Keltisches Hügelgräberfeld
bei Wickenrodt

Friedhöfe
sind hierzulande die wichtigsten Informationsquellen zur keltischen Epoche. Zur frühkeltischen
Zeit im 6.-3. Jahrh. vor Chr. lagen alle Gräber unter Grabhügeln. Der Ausschnitt
eines solchen Friedhofes aus Grabhügeln hat sich hier, unter Waldbedeckung, bis heute
erhalten. Die 34 Hügel sind im Zuge erwachenden altertumskundlichen Interesses bereits
um 1844, 1863 und 1888 größtenteils angegraben worden. Eine Einsenkung im Zentrum
legt von den alten Trichtergrabungen oft noch Zeugnis ab. Nach den bisherigen Funden gehört
die erhaltene Hügelgruppe zum ältesten Teil des Gräberfeldes aus dem 6. Jahrh.
vor Chr.. Keltische Hügelgräberfelder liegen fast stets auf weitläufigen Rücken
oder Hochflächen.
Zur Belegungszeit waren diese Flächen zweifellos bereits gerodet und als Acker- und Weideland
genutzt.
Im Laufe einer
fortschreitenden, oft locker gruppierten Belegung über 300 Jahre erreichen diese Friedhöfe
mit bis zu 120 Hügeln eine Gesamtausdehnung von 800 - 2000 m. Auch hier hat sich das Gräberfeld
mit längst zerpflügten Hügeln sicher in der anschließenden Ackerflur fortgesetzt.

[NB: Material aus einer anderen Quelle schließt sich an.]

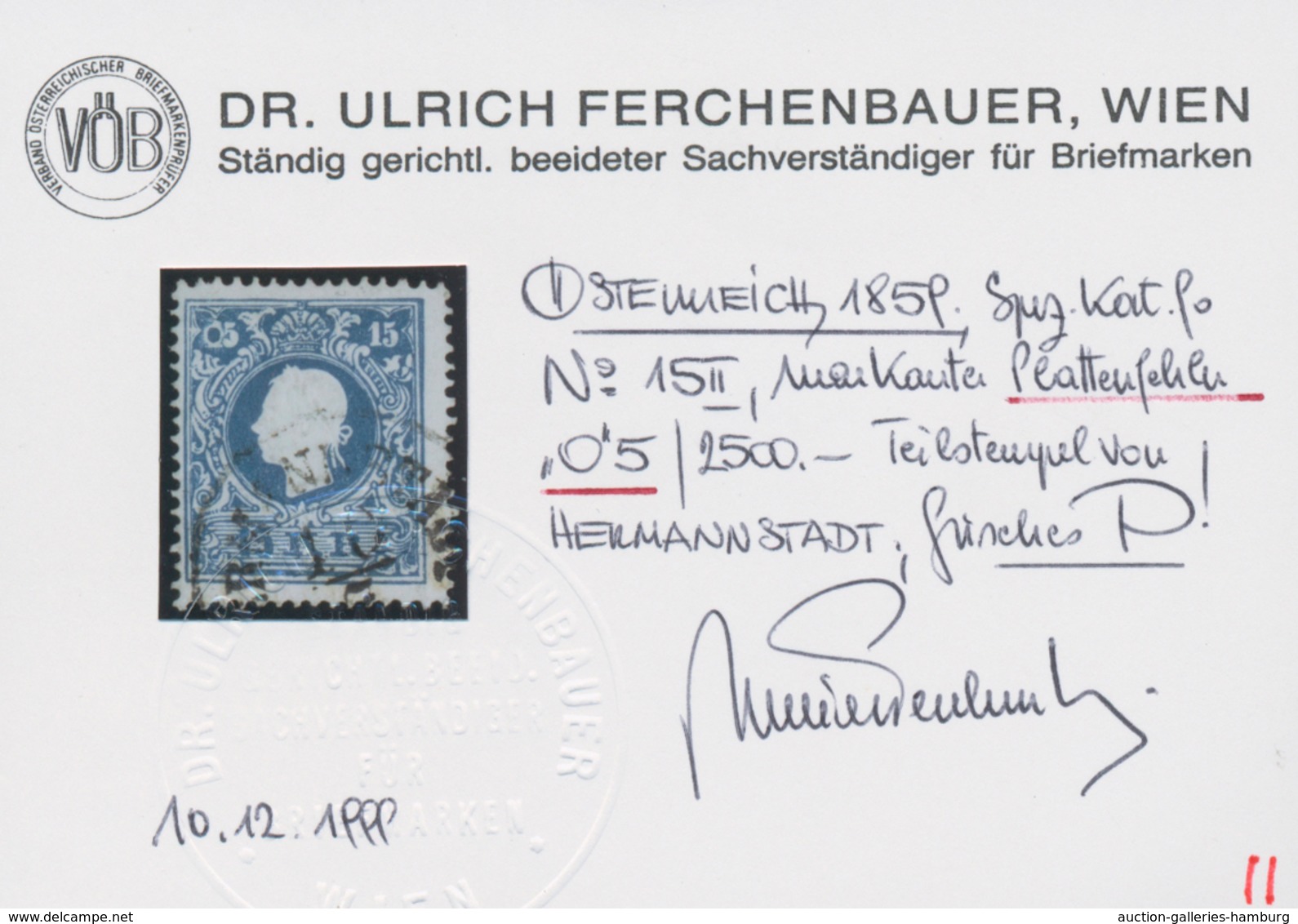 Österreich: 1859, 15 Kr. Blau Type II Mit PLATTENFEHLER "'05' Statt '15'", Entwertet Mit Teilstempel - Ungebraucht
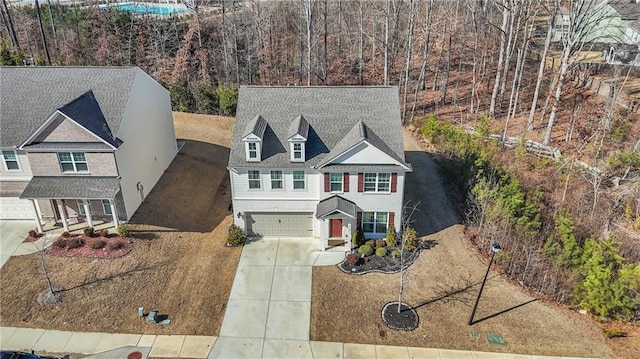 view of front of property featuring a garage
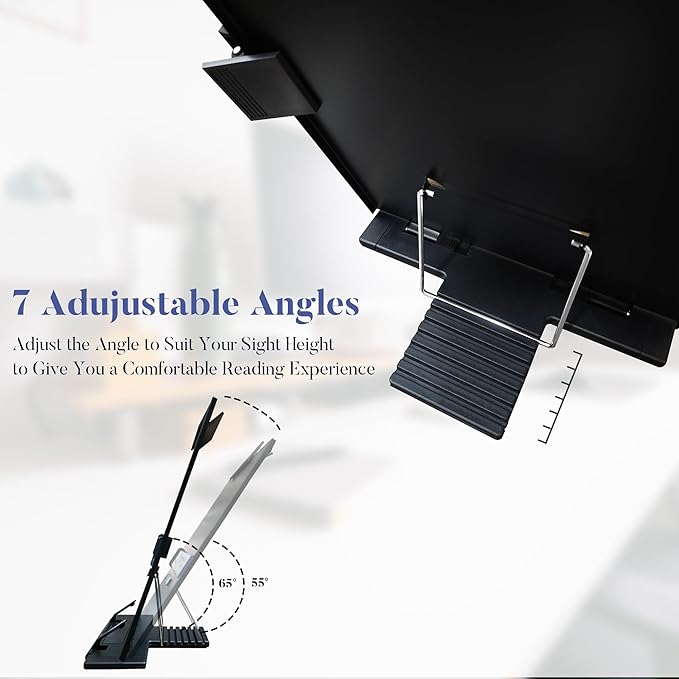 Desktop Document Holder, Black Paper Holder Stand for Desk, Metal Paper Stand for Desk When Typing, 7 Adjustable Angles Copyholder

Die Zergliederung der Mittelgebirgslandschaft erlaubt zuweilen die Rekonstruktion der zu den Gräberfeldern
gehörigen, relativ ausgedehnten Siedlungskammer. Die Lage der zum Friedhof gehörigen Hofsiedlung
ist dagegen fast immer unbekannt und wechselt wohl auch. Die den Friedhof tragende Gemeinschaft dürfte
20-50 Personen nicht überschritten haben, dabei eingeschlossen allerdings ein sehr hoher Anteil
früh gestorbener Säuglinge. Realistischerweise ist eher mit weniger als 20 Jugendlichen und
Erwachsenen zu rechnen, davon etwa die Hälfte weiblich. Die durchschnittliche Lebenserwartung bei
der Geburt betrug nur etwa 22 Jahre, bei Erwachsenen auch nur 31 (Frauen) bzw. 38 (Männer)
Jahre.
Grabhügel
wurden für einen Toten neu angelegt und im zeitlichen Anschluss oft noch für - in der Regel
nicht mehr als 4 - Nachbestattungen benutzt. Die älteren und jüngsten Gräber der Hügelfriedhöfe
sind Brandbestattungen. Die Knochen der unverbrannt beigesetzten Toten hat der saure Mittelgebirgsboden
fast immer aufgezehrt. Hier zeugen nur Spuren von Baumsärgen oder hölzernen Grabkammern
und die Lage von Beigaben von der Bestattung.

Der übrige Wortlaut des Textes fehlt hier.